|
13 - MARZO - STAVOLI FORCHIA AMULA (870 m) MONTE ST. LI JÔF (1064 m) |
|
|
|
Quante volte, percorrendo i veloci nastri d'asfalto per raggiungere qualche lontana meta alpina, c'è caduto lo sguardo su qualche diroccata costruzione, abbarbicata sulle ripide pendici di questa o quella montagna? Quale forza ha potuto spingere intere famiglie a colonizzare ogni spazio utile, a mantenere qualche animale domestico?
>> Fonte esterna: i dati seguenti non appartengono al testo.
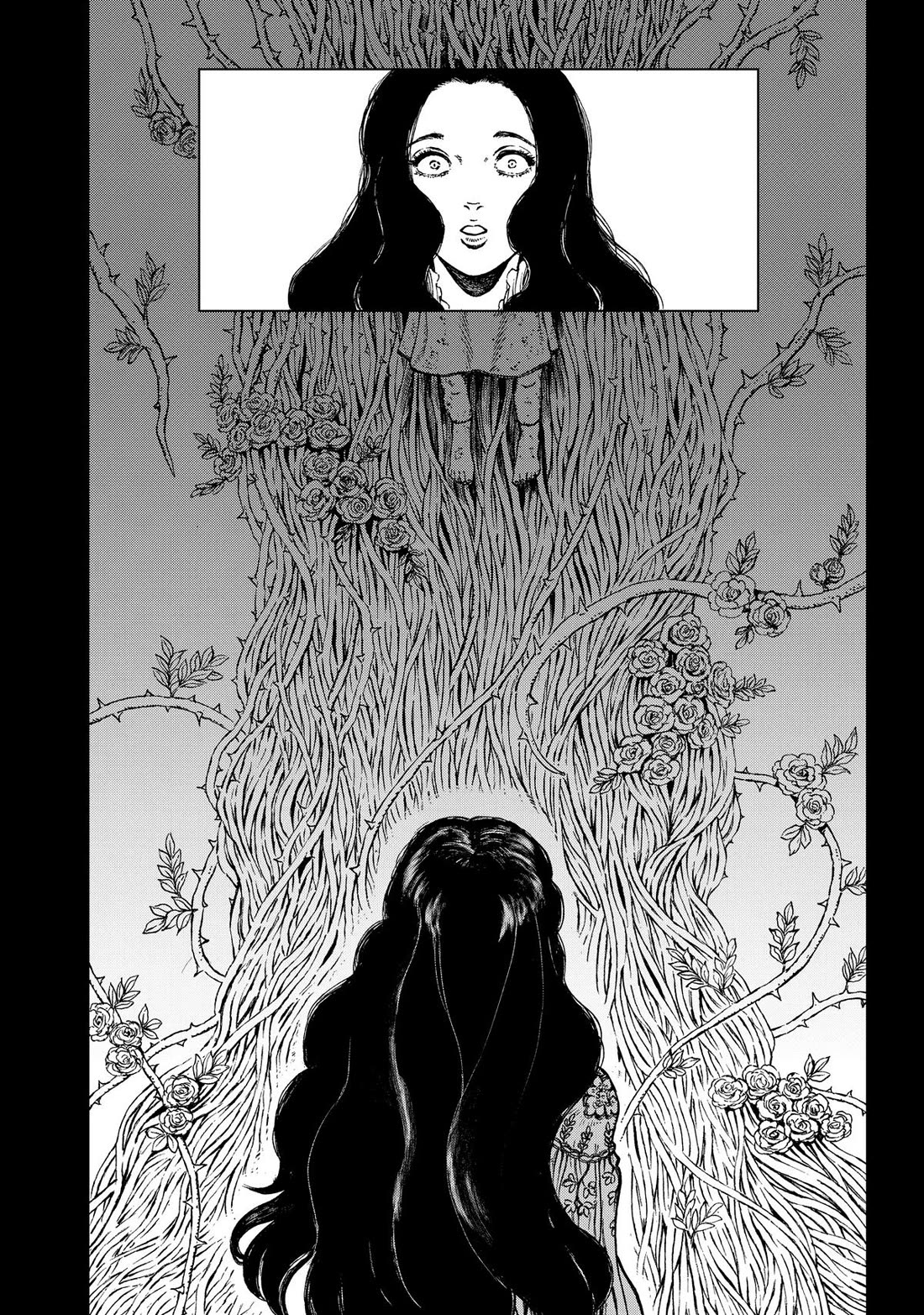 The Witches of Eden Chapter 31 page 31 - Chapter 31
Le loro aspirazioni? Le loro paure? Le risposte a ognuna di queste domande, l'escursionista che percorre ora questi antichi sentieri e attraversa gli antichi borghi, non può immaginare. La meta della nostra gita è proprio uno di questi borghi abbandonati, situato sulla dorsale di una cresta erbosa al centro di una zona dall'orografia oltremodo travagliata.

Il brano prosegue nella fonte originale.